Stable Video Diffusion is an Image-to-Video generation model based on Stable Diffusion that extends it to a video generation task by introducing temporal layers into the architecture (a.k.a. VideoLDM). Additionally, it utilizes a modified Decoder with added temporal layers to counteract flickering artifacts.
An example of a single U-Net Block with Added Temporal Layers (for more information please refer to [2])
SD Base Version | SVD version | Trained for | Config | Checkpoint |
---|---|---|---|---|
v2.0 & v2.1 | SVD | 14 frames generation | yaml | Download (9GB) |
SVD-XT | 25 frames generation | yaml | Download (9GB) |
The weights above were converted from the PyTorch version. If you want to convert another custom model, you can do so by
using svd_tools/convert.py
. For example:
python svd_tools/convert.py \
--pt_weights_file PATH_TO_YOUR_TORCH_MODEL \
--config CONFIG_FILE \
--out_dir PATH_TO_OUTPUT_DIR
Currently, only Image-to-Video generation is supported. For video generation from text, an image must first be created using either SD or SDXL (recommended resolution is 1024x576). Once the image is created, the video can be generated using the following command:
python image_to_video.py --mode=1 \
--SVD.config=configs/svd.yaml \
--SVD.checkpoint=PATH_TO_YOUR_SVD_CHECKPOINT \
--SVD.num_frames=NUM_FRAMES_TO_GENERATE \
--SVD.fps=FPS \
--image=PATH_TO_INPUT_IMAGE
Tip
If you encounter an OOM error while running the above command, try setting the --SVD.decode_chunk_size
argument to
a lower value (default is num_frames
) before reducing num_frames
as decoding is very memory-intensive.
For more information on possible parameters and usage, please execute the following command:
python image_to_video.py --help
Video labels should be stored in a CSV file in the following format:
path,length,motion_bucket_id
path_to_video1,video_length1,motion_bucket_id1
path_to_video2,video_length2,motion_bucket_id2
...
The generation of motion bucket IDs is described in detail in the SVD [1] paper. Please refer to Appendix C of the paper for more information.
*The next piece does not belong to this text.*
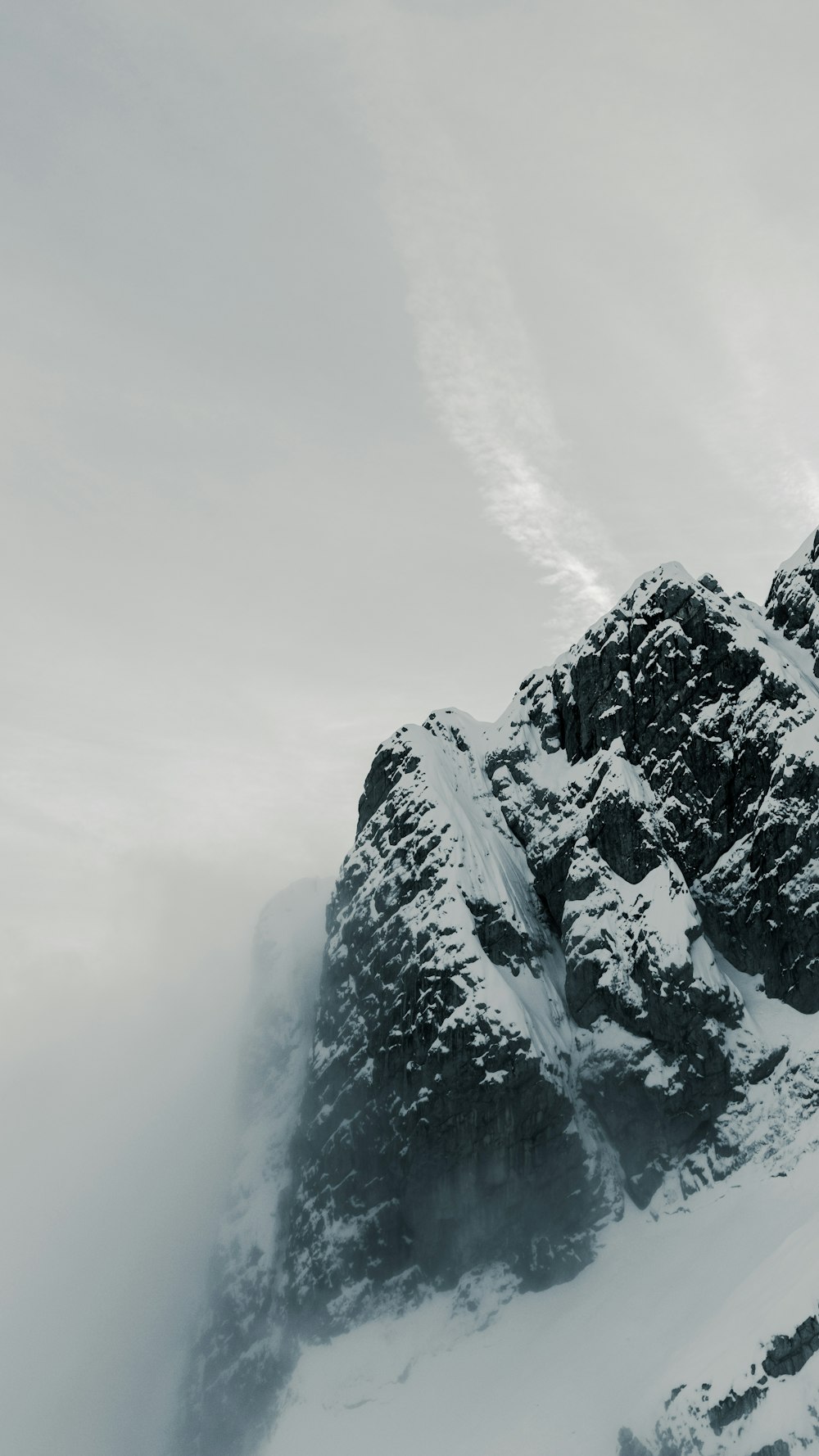 a very tall mountain covered in snow under a cloudy sky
Currently, only Image-to-Video generation training is supported. To train Stable Video Diffusion, execute the following command:
python train.py --config=configs/svd_train.yaml \
--svd_config=configs/svd.yaml \
--train.pretrained=PATH_TO_YOUR_SVD_CHECKPOINT \
--train.output_dir=PATH_TO_OUTPUT_DIR \
--environment.mode=0 \
--train.temporal_only=True \
--train.epochs=NUM_EPOCHS \
--train.dataset.init_args.frames=NUM_FRAMES \
--train.dataset.init_args.step=FRAMES_FETCHING_STEP \
--train.dataset.init_args.data_dir=PATH_TO_DATASET \
--train.dataset.init_args.metadata=PATH_TO_LABELS
Note
More details on the training arguments can be found in the training config and model config.
Important
For 910*, please set export MS_ASCEND_CHECK_OVERFLOW_MODE="INFNAN_MODE"
before running training.
- Andreas Blattmann, Tim Dockhorn, Sumith Kulal, Daniel Mendelevitch, Maciej Kilian, Dominik Lorenz, Yam Levi, Zion English, Vikram Voleti, Adam Letts, Varun Jampani, Robin Rombach. Stable Video Diffusion: Scaling Latent Video Diffusion Models to Large Datasets. Stability AI, 2023.
- Andreas Blattmann, Robin Rombach, Huan Ling, Tim Dockhorn, Seung Wook Kim, Sanja Fidler, Karsten Kreis. Align your Latents: High-Resolution Video Synthesis with Latent Diffusion Models. arXiv:2304.08818, 2023.